Last Term in Schweiker v. Gray Panthers, 453 U. S. 34, 49-50 (1981), we upheld the validity of federal Medicaid regulations that permit “deeming” of income between spouses in those States that have exercised the so-called “§ 209(b) option” provided for in the Social Security Act, 79 Stat. 343, as amended, 42 U. S. C. § 1396 et seq. (1976 ed. and Supp. III). “Deeming,” in the parlance of the Social Security laws and regulations, means that a State determines eligibility by assuming that a portion of the spouse’s income is “available” to the applicant. Because an individual’s eligibility for Medicaid benefits depends in part on the financial resources that are “available” to him, “[djeeming. . . has the effect of reducing both the number of eligible individuals and the amount of assistance paid to those who qualify.” Schweiker v. Gray Panthers, supra, at 36. We rejected contentions that these regulations were arbitrary or capricious and that the regulations were inconsistent with § 1902(a)(17) of the Social Security Act, 42 U. S. C. § 1396a(a)(17).1 453 U. S., at 43. In [268]*268the present case, we are called upon to decide to what extent the State of Iowa, an “SSI State,” may consider the income of the institutionalized Medicaid applicant’s noninstitutionalized spouse in determining eligibility for Medicaid.
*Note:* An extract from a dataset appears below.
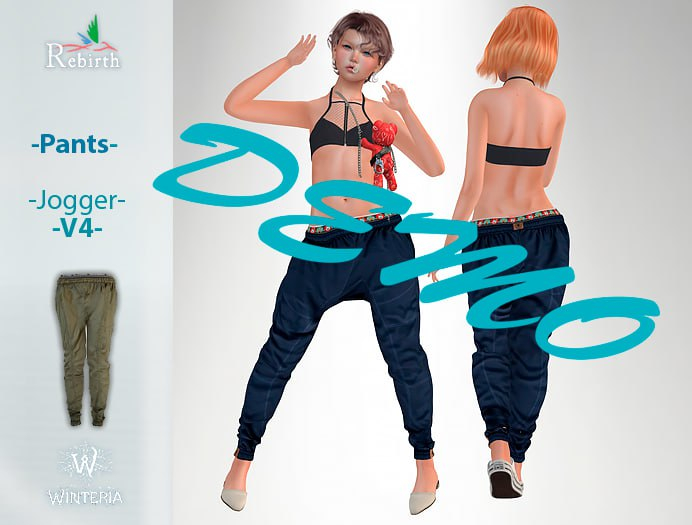 Jogger-Pants-V4-Rebirth-DEMO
As we explained in greater detail in Gray Panthers, supra, Medicaid as originally enacted “required participating States to provide medical assistance to ‘categorically needy’ individuals who received cash payments under one of four welfare programs established elsewhere in the [Social Security] Act.” Id., at 37. This program was restructured in 1972 by Congress, when it replaced three of the four categorical programs with Supplemental Security Income for the Aged, Blind, and Disabled (SSI), 42 U. S. C. § 1381 et seq. (1976 ed. and Supp. III). Fearing that some States might withdraw from the Medicaid program rather than bear the increased costs imposed by the restructuring, Congress offered the States the “§ 209(b) option.” 42 U. S. C. § 1396a(f). Under the § 209(b) option, the States may elect to provide Medicaid assistance only to those individuals who would have been eligible under the State’s Medicaid plan in effect on January 1, 1972. In other words, the § 209(b) option allows the States to avoid the effect of the link between the SSI and Medicaid programs: States may become either “§ 209(b) States” or “SSI States.”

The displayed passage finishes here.